Halloween is a happy event in Carlisle. Last night was chillier than many years, but just as much fun. Although it’s always appealing to maintain regular traditions, Halloween varies a little bit each year, and that’s fine too – at this point, it’s to be expected.
This year Tim opted to stay home and watch the Patriots rather than trick-or-treat. He’s been ambivalent about putting on a costume for the past two years now, and it didn’t really surprise me that he greeted the idea of trick-or-treating less than warmly this year, but I had hoped he would walk along with us even if he didn’t go up to the doors. (He knew that Holly would share her take with him merely for being present.) He didn’t, though; he chose to stay home. But not too long after we left him, I received a text message from him saying he’d gone over to my parents’ house rather than stay home alone, so that made me feel better about how he was spending his evening. (Since we live so far off the road, we never expect nor get trick-or-treaters, so it’s fine to have no one home.)
Also different this year: though my friends Lisa and David hosted their annual pre-trick-or-treating party in their big yard just outside the town center, no one in my family but me wanted to leave the Patriots game broadcast for it.

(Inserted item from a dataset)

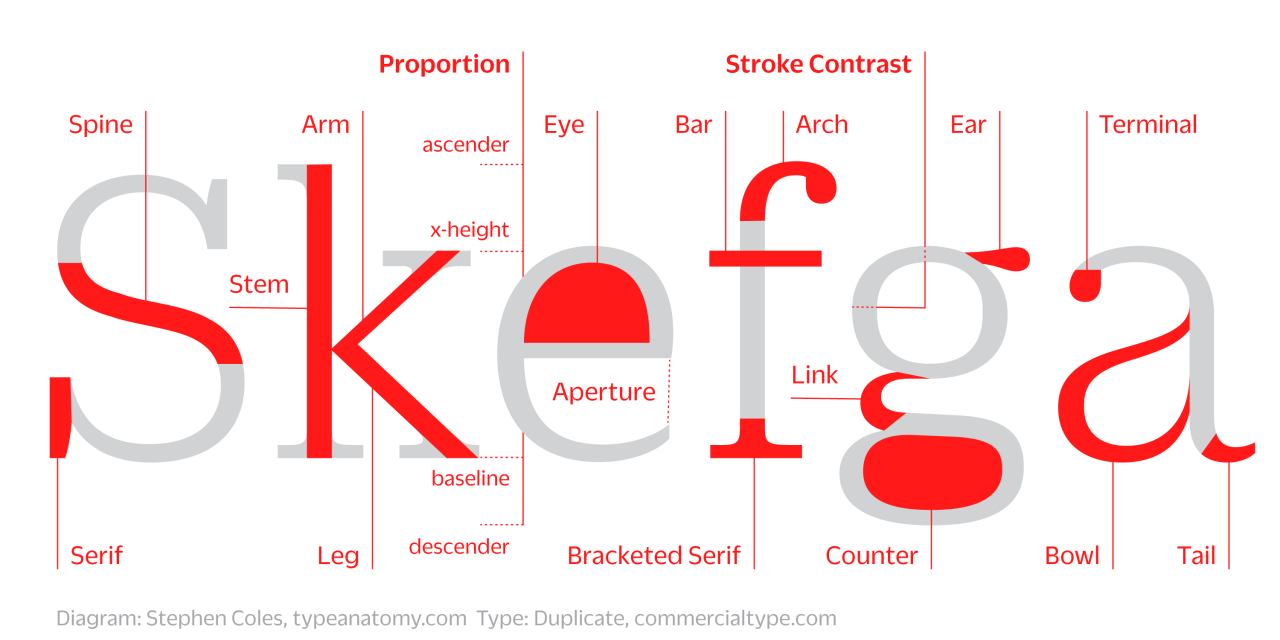 Type Anatomy in Six Letters
Ever since the book came out I’ve had several needs for an even more compact version of the anatomy chart from the introduction — one that explains as many basic terms as possible within a few glyphs. Here’s a stab at it,...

I wanted to be there enough that I went anyway, though, just for half an hour. It was enough time to chat with the other families who were there and eat a plateful of appetizers, as well as a bowl of the southwestern pumpkin soup that I had made and delivered to Lisa’s stovetop earlier in the day.
After Lisa and David’s party, I went home to pick up Rick and Holly, and we headed back to the Town Center, which hosts hundreds of trick-or-treaters every year, a tradition that evolved in response to the fact that so many Carlisle neighborhoods are just too sparsely populated to be ideal for trick-or-treating. For the kids, going to the Center an easy way to reach lots of houses without too much walking, but there’s still enough walking that it feels like the kids are getting a workout along with their chocolate and candy corns. For the adults, with such a crowd in a relatively small area, it feels like a giant floating cocktail party; everywhere you look, you see familiar faces (and while cocktails aren’t officially part of the festivities, no one looks too closely at all those thermal coffee cups being toted along).
Some years we’ve gone with groups of friends, but having it be just the three of us was special. We could go at our own pace and didn’t have a lot of different people to keep track of. At most houses, Rick and I stood at the curb while Holly made her way up to the door; sometimes I went with her if it was the home of someone I particularly wanted to say hello to. Through the windows of the well-lit parsonage, we glimpsed our minister dressed in a black cape and watching the football game in between trick-or-treaters.
Some traditionalists in Carlisle – one of whom accosted me at coffee hour at church yesterday morning – dislike the newer format of trick-or-treating in the Town Center. They liked it better when kids went out in their own neighborhoods, and in some parts of town where the neighborhoods are laid out more traditionally, kids still do trick-or-treat. But I really like the Town Center idea. Over the past few years, when it’s not Halloween, the conversation arises periodically as to whether Carlisle is a lonely place, whether the emphasis on solitude and natural splendor results in too little socialization. Last night it didn’t feel like that at all. The whole town was out – though many were unrecognizable behind masks or make-up – and I was happy to be celebrating another Halloween with all of them.